_Exercise instructions_
As you restate the entries, keep every word intact and leave out whatever images they hold.

_Records to process_
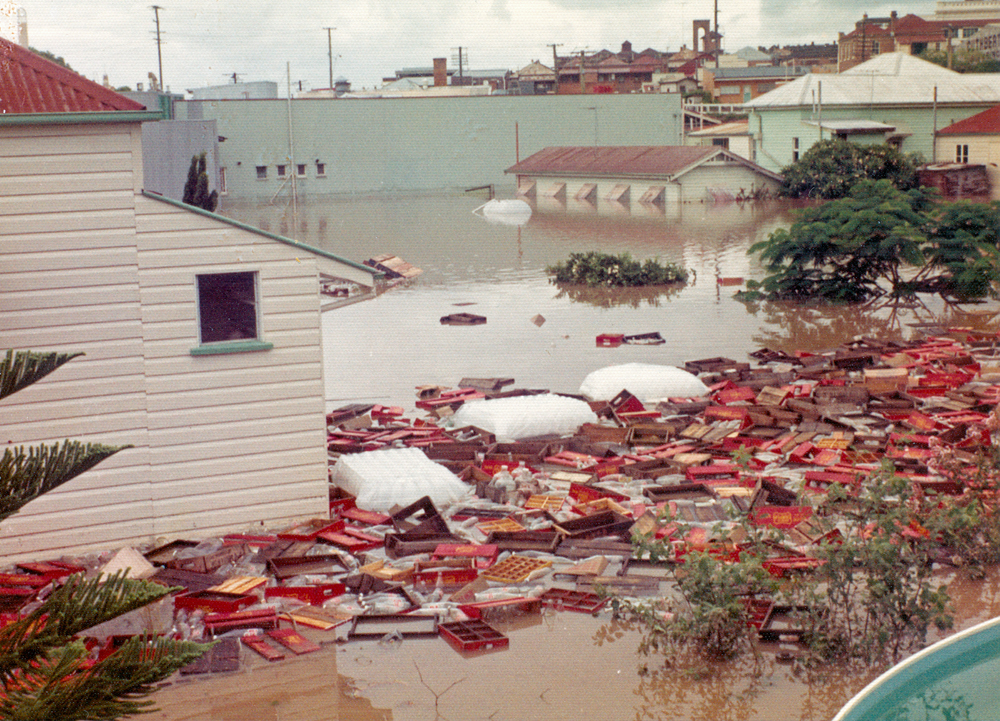 Debris from McMahons Soft Drinks Factory, Ipswich, during flood of 1974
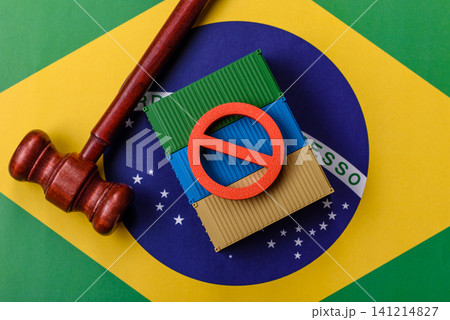 The cargo container ban on the brazil flag as a conceptual backdrop. Cargo container embargo The cargo container ban on the brazil flag as a conceptual backdrop. Cargo container embargo 141214827
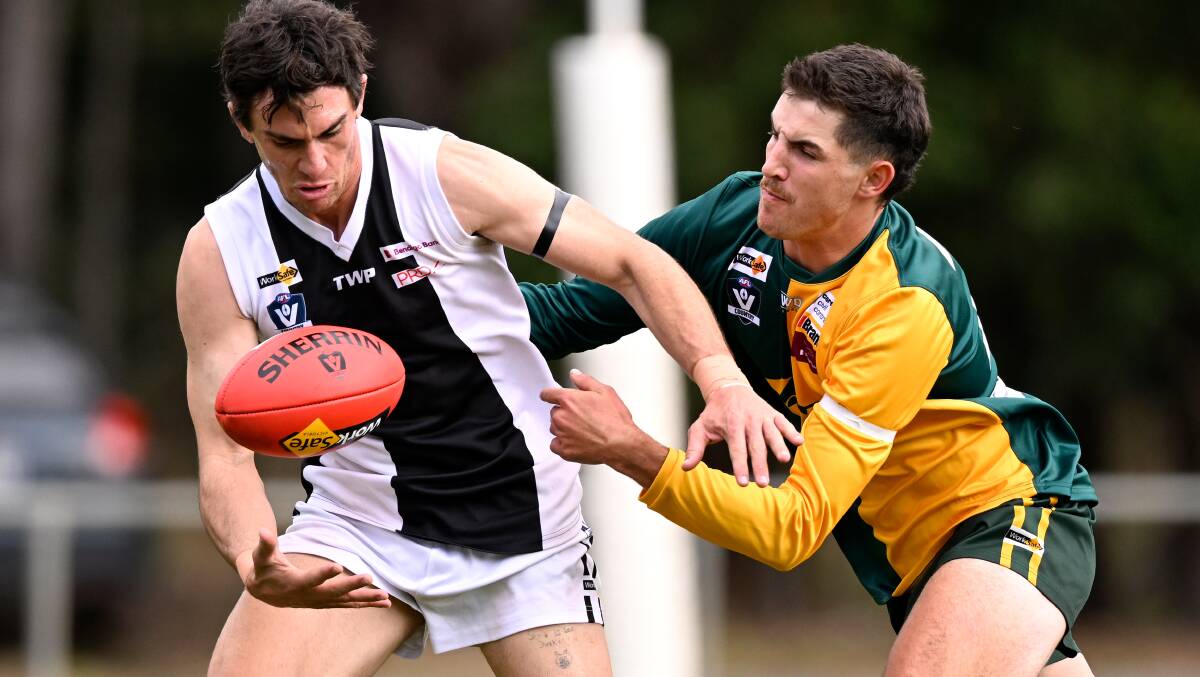 Anthony Caligiuri (Dunnstown) tries to shrug off Gordon ruckman Macauley Griffiths at Gordon on Saturday. Picture by Adam Trafford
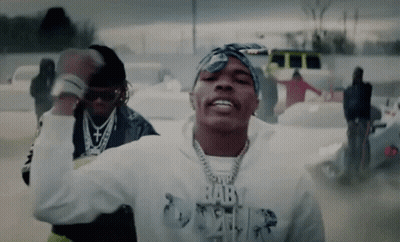A Man Wearing A Bandana And A Hoodie With The Word Baby On It Is Dancing In A Parking Lot . GIF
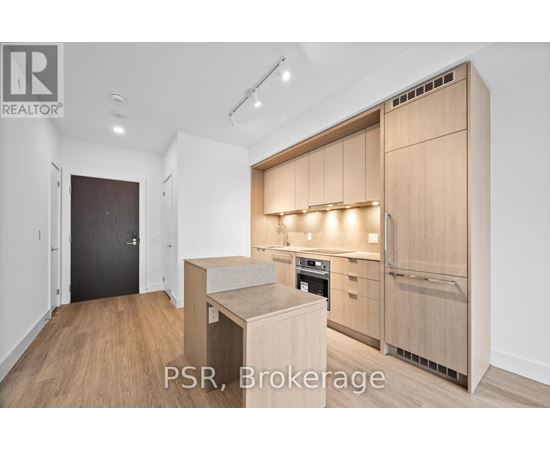 A modern kitchen with wooden cabinets and a black door.
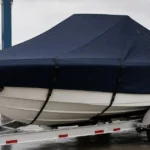 Covered trailered boat with support straps creating a sloped ridge line to reduce water pooling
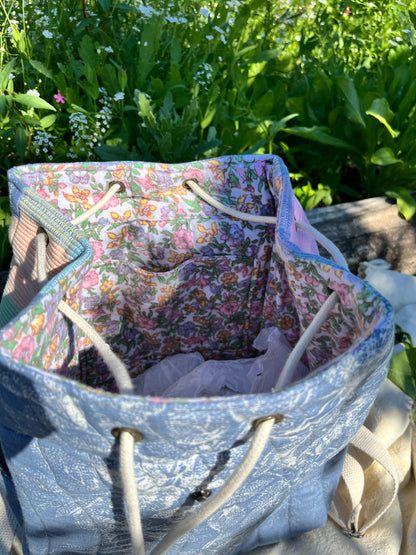 "Shimmering Water" Quilted Drawstring Backpack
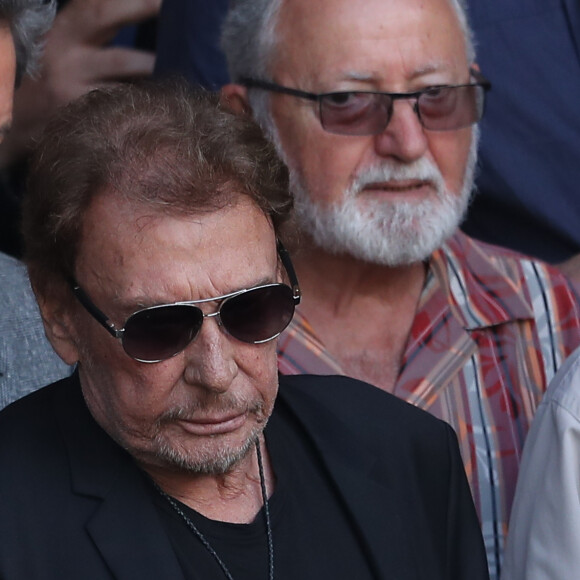 Johnny Hallyday - Sorties des obsèques de Mireille Darc en l'église Saint-Sulpice à Paris. Le 1er septembre 2017 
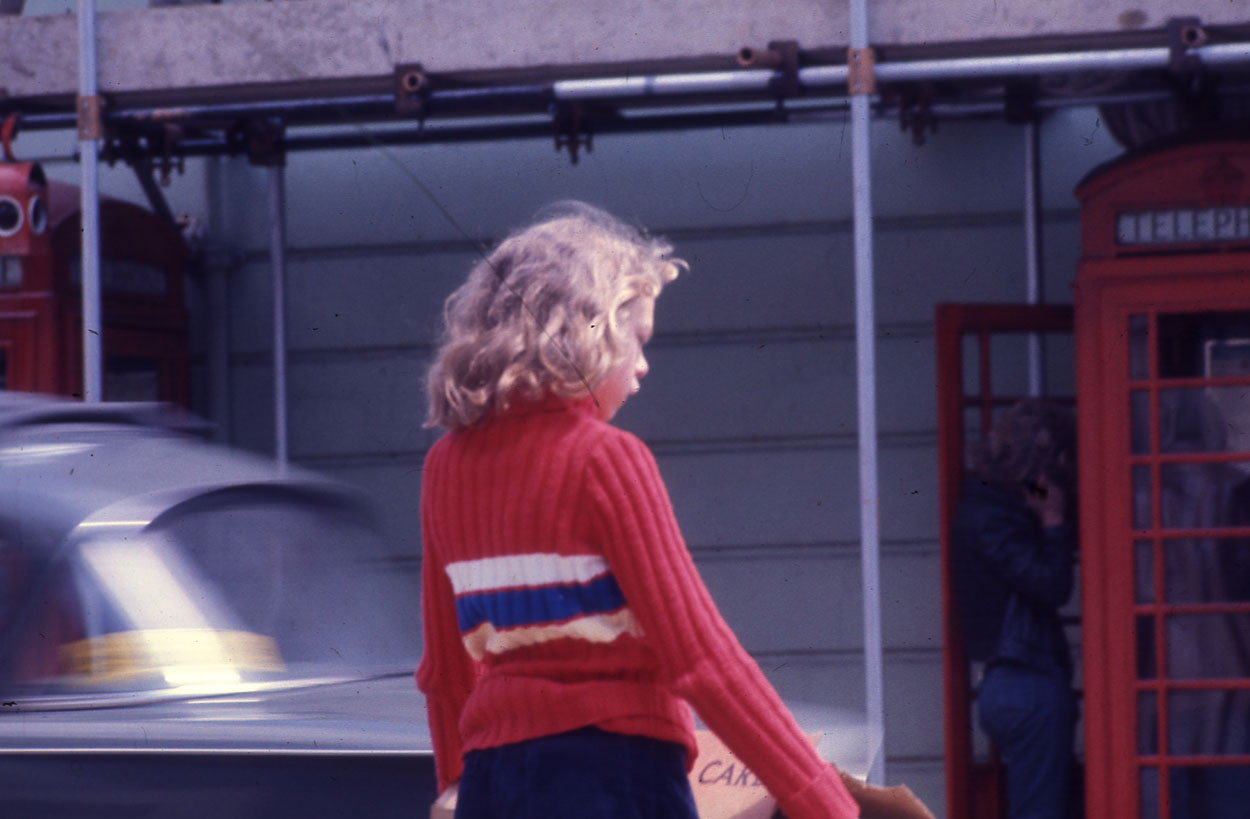 Woman in red sweater.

_Result of the task_
 Debris from McMahons Soft Drinks Factory, Ipswich, during flood of 1974
 The cargo container ban on the brazil flag as a conceptual backdrop. Cargo container embargo The cargo container ban on the brazil flag as a conceptual backdrop. Cargo container embargo 141214827
 Anthony Caligiuri (Dunnstown) tries to shrug off Gordon ruckman Macauley Griffiths at Gordon on Saturday. Picture by Adam Trafford
A Man Wearing A Bandana And A Hoodie With The Word Baby On It Is Dancing In A Parking Lot . GIF
 A modern kitchen with wooden cabinets and a black door.
 Covered trailered boat with support straps creating a sloped ridge line to reduce water pooling
 "Shimmering Water" Quilted Drawstring Backpack
 Johnny Hallyday - Sorties des obsèques de Mireille Darc en l'église Saint-Sulpice à Paris. Le 1er septembre 2017 
 Woman in red sweater.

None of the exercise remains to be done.